Aim of the task. Retype all of the material exactly, leaving no line out.

Collected material.
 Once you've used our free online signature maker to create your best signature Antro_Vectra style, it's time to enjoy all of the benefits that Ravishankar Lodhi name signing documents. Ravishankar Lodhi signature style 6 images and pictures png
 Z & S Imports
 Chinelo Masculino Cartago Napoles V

Worked solution.
 Once you've used our free online signature maker to create your best signature Antro_Vectra style, it's time to enjoy all of the benefits that Ravishankar Lodhi name signing documents. Ravishankar Lodhi signature style 6 images and pictures png
 Z & S Imports
 Chinelo Masculino Cartago Napoles V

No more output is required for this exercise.